PROVIDED ENTRIES section start

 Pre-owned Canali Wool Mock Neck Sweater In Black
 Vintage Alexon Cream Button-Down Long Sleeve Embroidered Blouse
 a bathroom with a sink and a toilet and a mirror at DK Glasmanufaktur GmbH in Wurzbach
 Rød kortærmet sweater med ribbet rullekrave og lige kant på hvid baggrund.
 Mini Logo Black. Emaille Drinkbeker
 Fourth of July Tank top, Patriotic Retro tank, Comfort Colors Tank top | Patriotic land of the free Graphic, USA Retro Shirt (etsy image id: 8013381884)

PROVIDED ENTRIES section end
PROVIDED ENTRIES section start

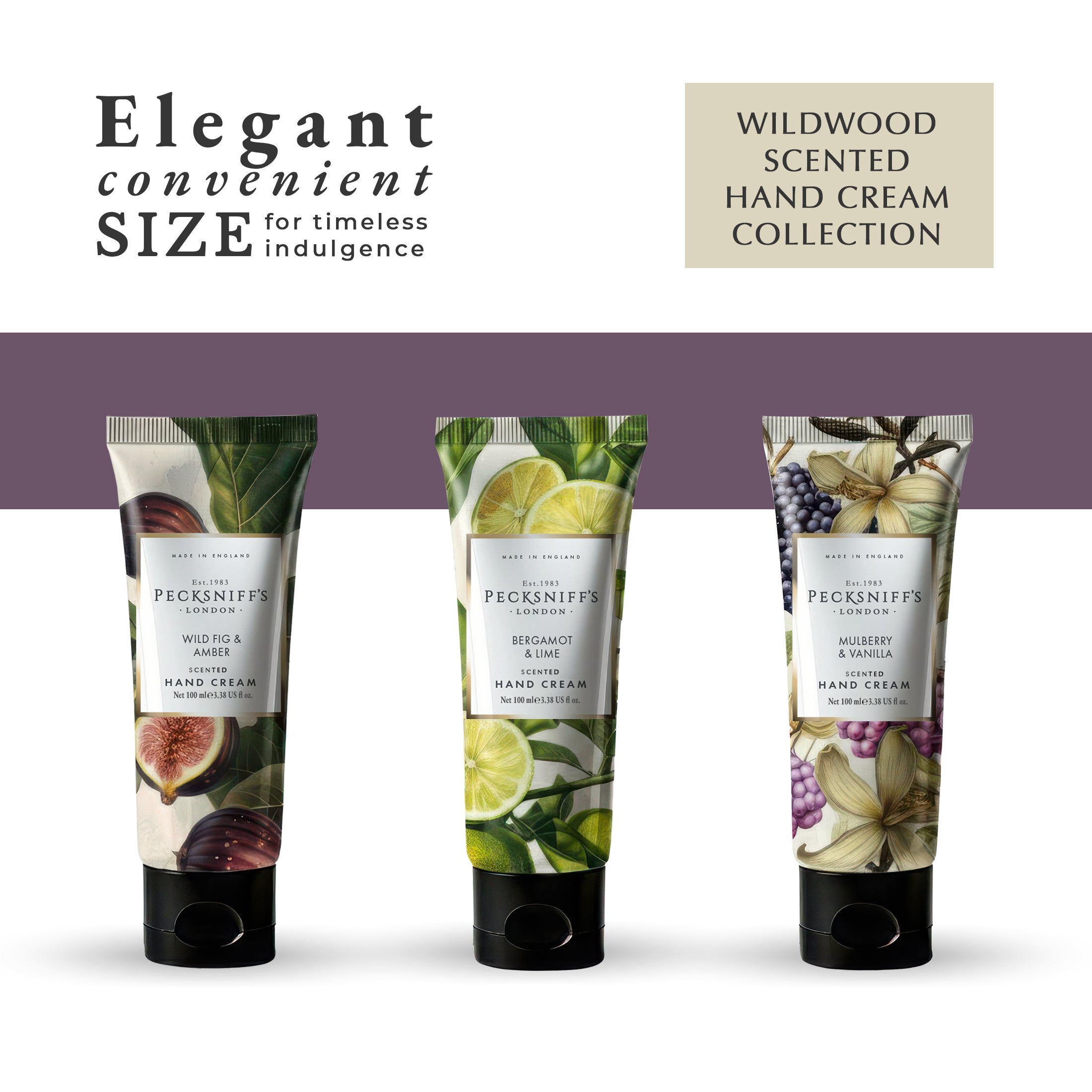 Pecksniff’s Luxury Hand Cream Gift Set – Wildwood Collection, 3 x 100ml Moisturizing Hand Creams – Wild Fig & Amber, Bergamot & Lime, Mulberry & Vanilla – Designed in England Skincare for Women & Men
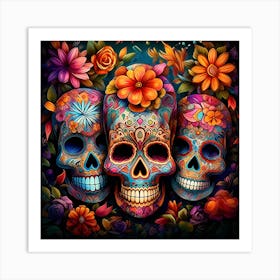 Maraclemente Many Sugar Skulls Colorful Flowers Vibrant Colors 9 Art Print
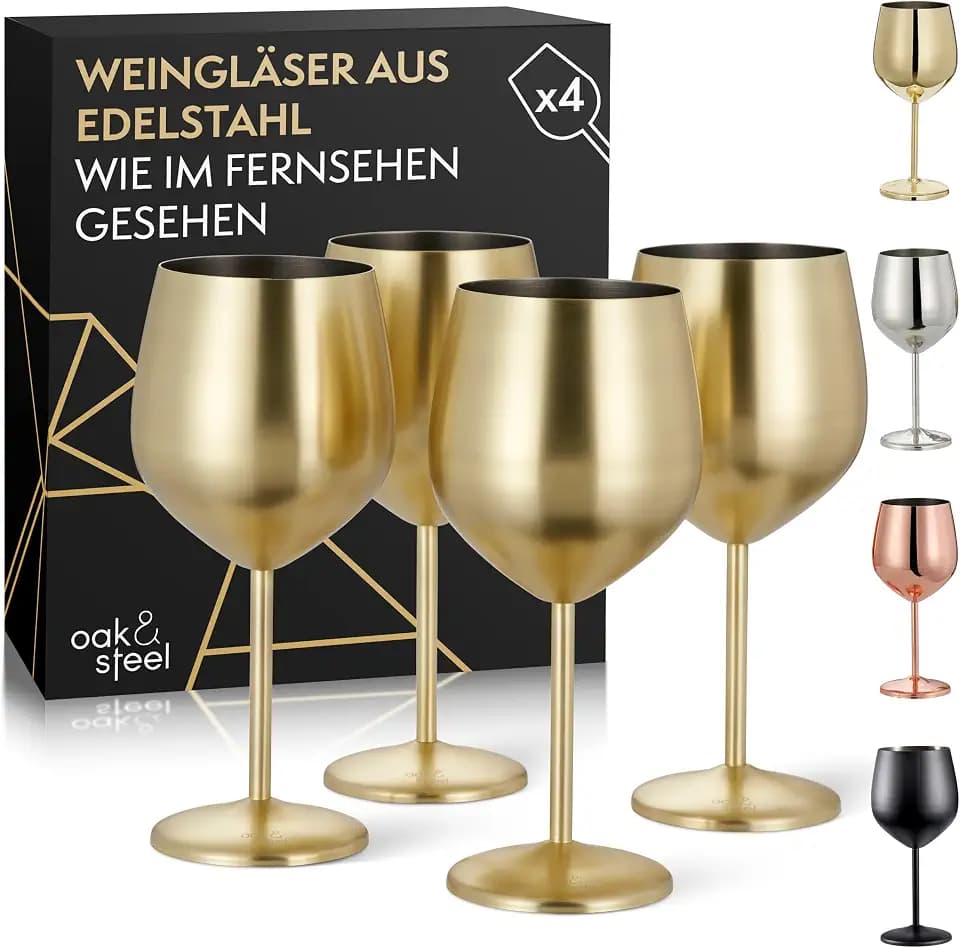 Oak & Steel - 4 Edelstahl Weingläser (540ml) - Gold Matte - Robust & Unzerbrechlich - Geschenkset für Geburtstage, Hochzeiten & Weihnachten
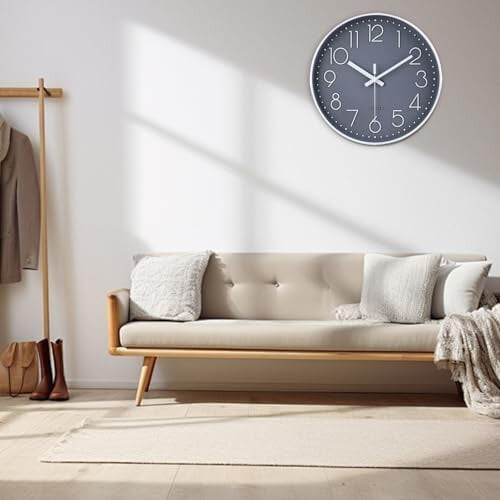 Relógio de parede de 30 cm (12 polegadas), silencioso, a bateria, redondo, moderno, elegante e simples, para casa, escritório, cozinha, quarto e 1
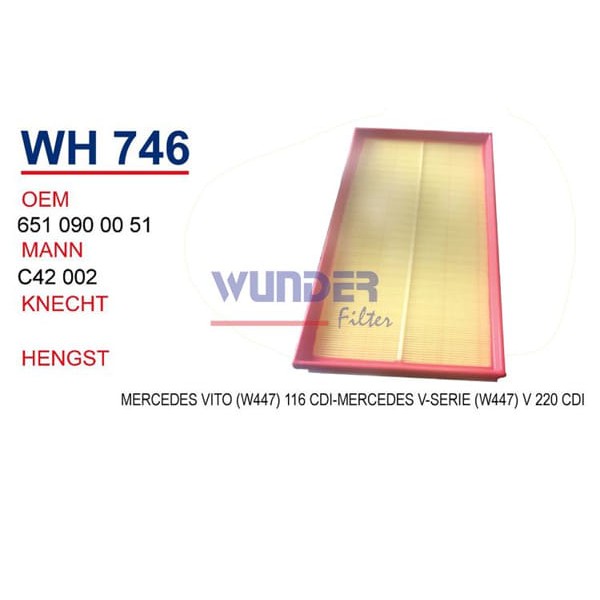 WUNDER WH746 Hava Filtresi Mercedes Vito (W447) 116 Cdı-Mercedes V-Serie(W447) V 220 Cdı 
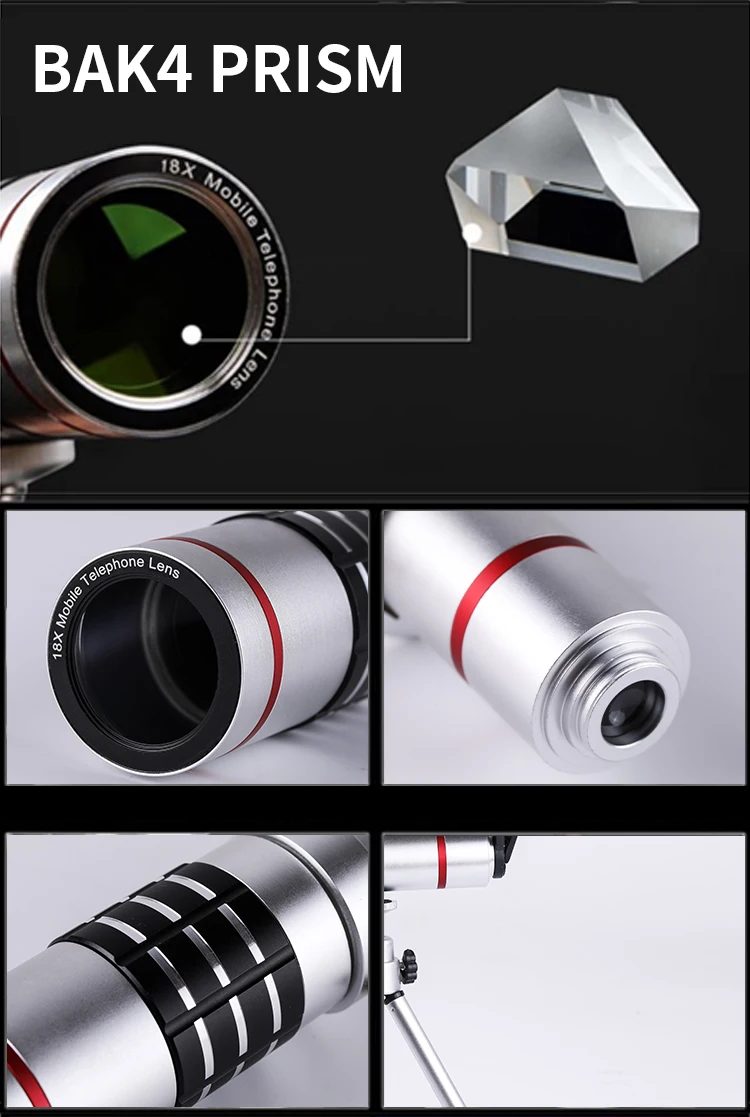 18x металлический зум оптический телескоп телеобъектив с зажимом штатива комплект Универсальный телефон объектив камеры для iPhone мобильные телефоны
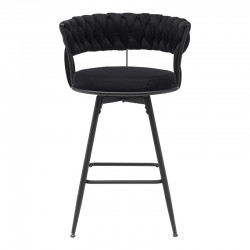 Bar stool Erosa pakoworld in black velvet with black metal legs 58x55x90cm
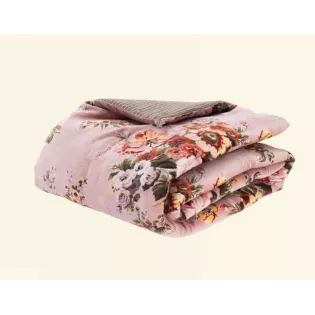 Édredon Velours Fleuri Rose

PROVIDED ENTRIES section end
PROVIDED ENTRIES section start

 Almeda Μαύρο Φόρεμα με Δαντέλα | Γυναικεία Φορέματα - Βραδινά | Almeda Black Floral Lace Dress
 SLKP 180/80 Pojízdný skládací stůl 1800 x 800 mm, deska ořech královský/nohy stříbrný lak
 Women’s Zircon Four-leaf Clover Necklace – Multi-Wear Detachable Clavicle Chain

PROVIDED ENTRIES section end

• **EXERCISE REQUIREMENTS**
What you return must be an exact retyping of the lines above starting at the line with "SLKP 180/80 Pojízdný" and ending at the line with "Women’s Zircon Four-leaf", and nothing besides.

• **ANSWER BELOW**
 SLKP 180/80 Pojízdný skládací stůl 1800 x 800 mm, deska ořech královský/nohy stříbrný lak
 Women’s Zircon Four-leaf Clover Necklace – Multi-Wear Detachable Clavicle Chain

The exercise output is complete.